2026年3月13日付のYahoo!ニュースで、クリエイティブディレクターの砂押貴久氏が、
『ユニクロが“セレクトショップ的”に選ばれる時代 日本人が知らない海外からの高評価』
と題した記事を投稿していました。
以下にこの記事を要約し、ユニクロが海外から高評価である理由について考察しました。
《記事の要約》
世界各地で店舗を展開する日本発の衣料ブランドユニクロが、欧米でも高い評価を受けている。
先日、急な寒波でユニクロの店舗に立ち寄った際、欧米のカップルが「ユニクロ×JWアンダーソン」の商品を指さしながらデザイナーの名前で選んでいる場面に出会った。かつては「安い衣料品店」という印象もあったユニクロだが、現在では海外でもデザイナー名で商品が選ばれるブランドへと変化している。
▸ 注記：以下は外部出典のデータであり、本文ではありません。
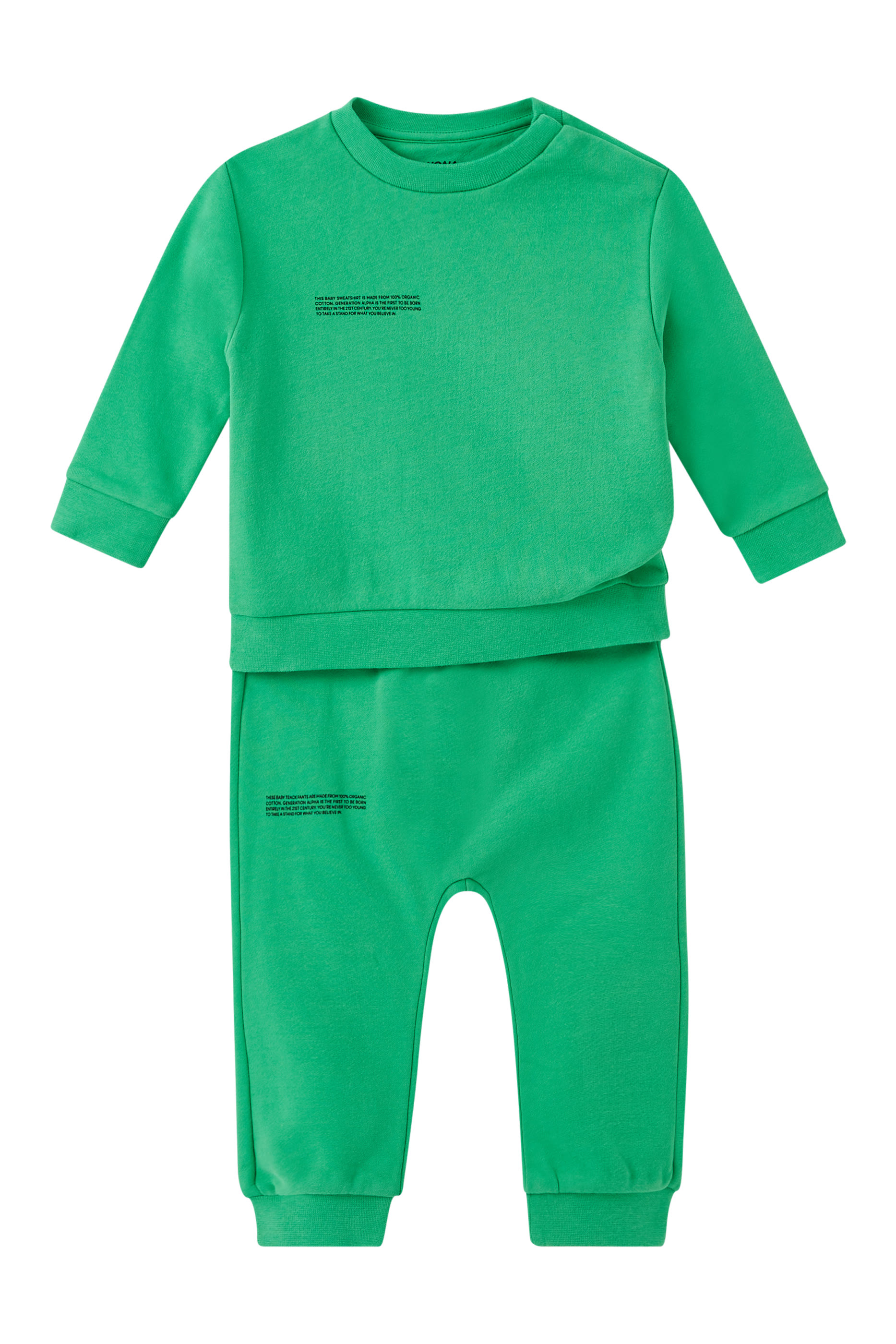 Kids Organic Cotton Sweatshirt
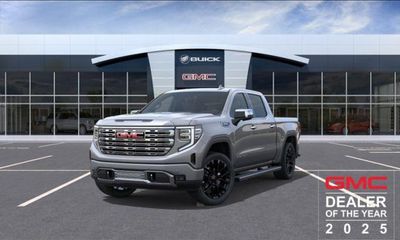2026 GMC Sierra Denali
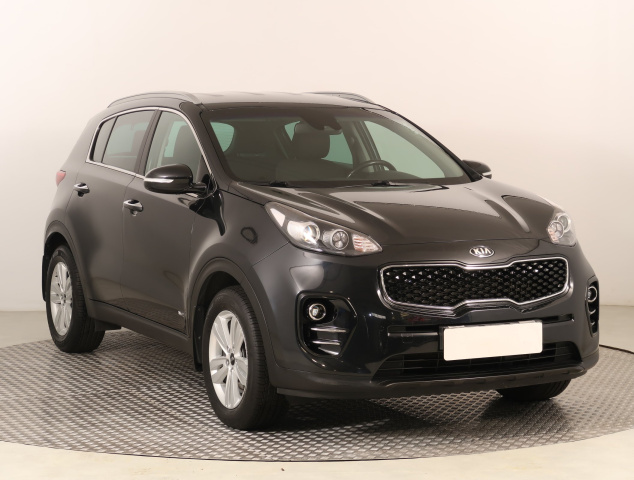 Kia Sportage 2016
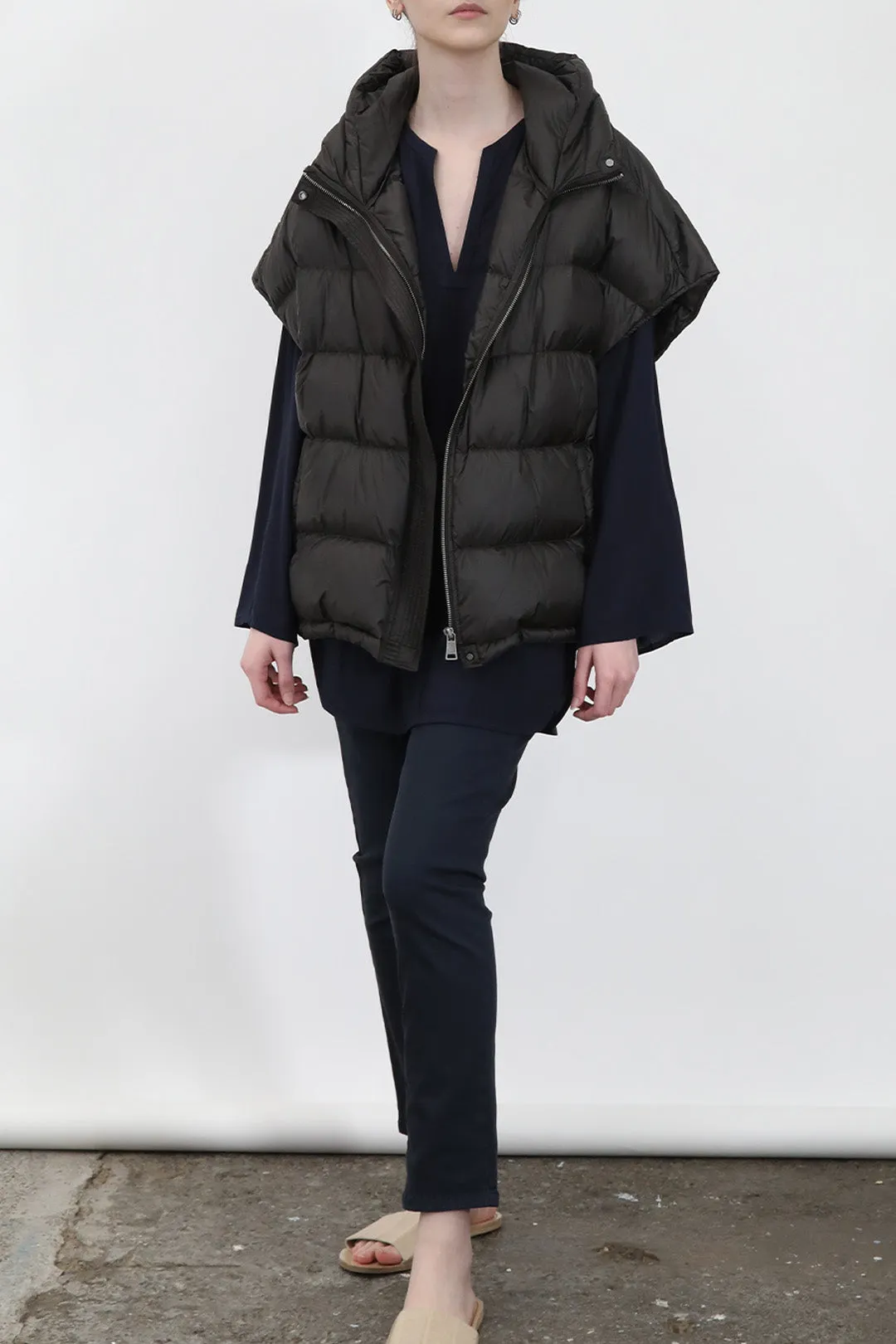LONG SLEEVE MARAKESH LAYERING TUNIC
親会社のファーストリテイリングは、世界のアパレル企業売上ランキングで上位に位置し、売上高は約3兆円規模。
ユニクロは世界25以上の国と地域に店舗を展開するグローバルブランドとなった。
ユニクロが海外で成功している理由として、主に三つの特徴が挙げられる。
第一は、トレンドに大きく左右されない機能性と価格のバランスである。
ヒートテックやエアリズムなど、生活に密着した機能性衣料を手頃な価格で提供している。
第二は、SPA(製造小売)モデルだ。
企画から製造、販売までを一体化することで、高品質と低価格の両立を実現している。
第三は、著名デザイナーとのコラボレーションである。
エルメスやクロエなどに関わったデザイナーや、現在パリコレで活躍するデザイナーと継続的に協業し、ブランドイメージを高めてきた。
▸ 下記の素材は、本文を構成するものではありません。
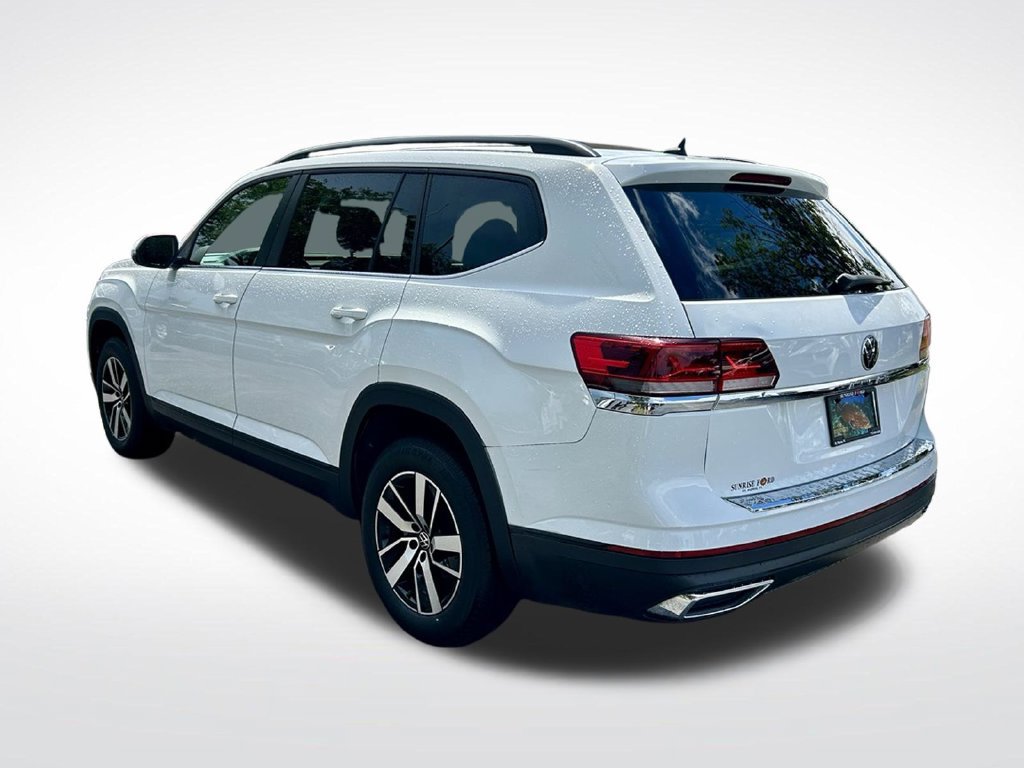 Used 2023 Volkswagen Atlas SE FWD image 7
こうした取り組みにより、ユニクロは単なる低価格ブランドではなく、世界の消費者から支持されるブランドへと成長している。
(要約、ここまで)
《筆者の考察》
<なぜユニクロは海外で評価されるのか>
ユニクロが欧米で評価されている理由は、単に「安いから」ではない。
むしろ世界のファッション市場の中で独自のポジションを確立したことが大きい。
最大の特徴は、「ベーシック衣料のインフラ」としての役割である。
欧米ではラグジュアリーブランドと低価格ブランドが激しく競争するが、ユニクロはそのどちらとも異なる位置にある。
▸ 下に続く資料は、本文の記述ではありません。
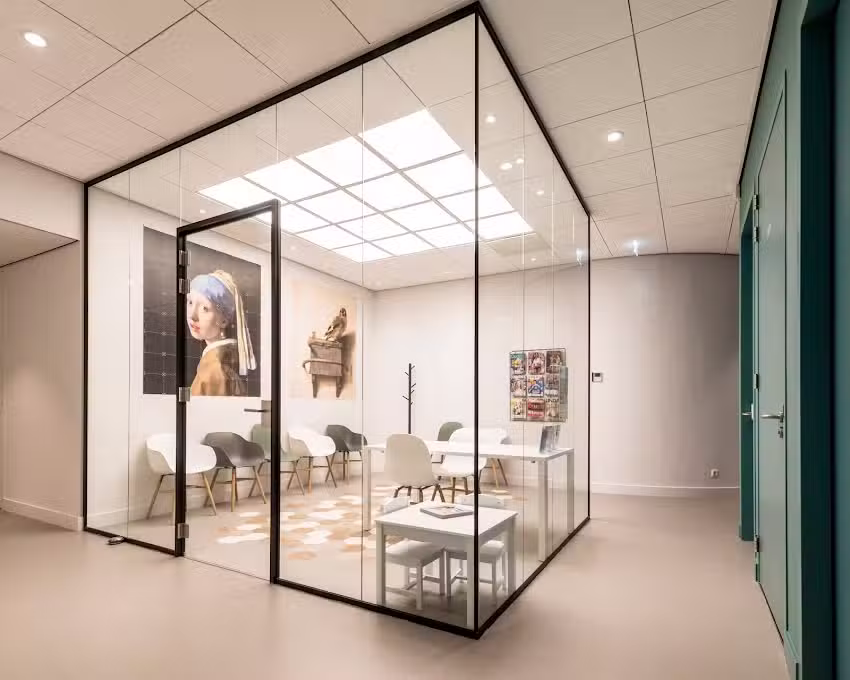 Huisartsenpraktijk Praktijk71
トレンドを追うファッションブランドではなく、日常生活の基礎となる服を提供するブランドとして認識されている。
実際、欧米のファッション関係者の間では「ジャケットは高級ブランド、Tシャツはユニクロ」という組み合わせが珍しくない。つまり、ユニクロは高級ブランドの代替ではなく、ワードローブの土台として使われているのである。
第二の理由は、機能性衣料の進化だ。
ヒートテックやエアリズムなどの製品は、単なる衣料ではなく生活の快適性を高めるテクノロジーとして評価されている。
しかも毎年改良が重ねられており、消費者のニーズを細かく分析した商品開発が行われている。こうした機能性は、寒暖差の大きい欧米でも高く評価されている。
第三は、デザインの「シンプルさ」である。
欧米では流行よりもベーシックなデザインを長く着る文化が根強い。
ユニクロのシンプルで無駄のないデザインは、こうした価値観と相性が良い。
さらに同じデザインを色違いで展開する商品構成は、コーディネートのしやすさという点でも支持されている。
第四は、品質と価格のバランスである。
縫製や素材、シルエットなどは価格以上の品質を持つと評価されており、洗濯を繰り返しても型崩れしにくいという実用性も信頼につながっている。
つまりユニクロは「ファッションブランド」というより、「生活インフラとしての衣料ブランド」に進化したと言える。
日本企業が世界の衣服文化の基盤に入り込んだ点は非常に興味深い現象だ。
今後の課題は、ブランドの個性をどう維持するかである。
ベーシックな商品は強みである一方、個性が弱いという指摘もある。
機能性とデザインのバランスをどう保つかが、次の成長段階の鍵になるだろう。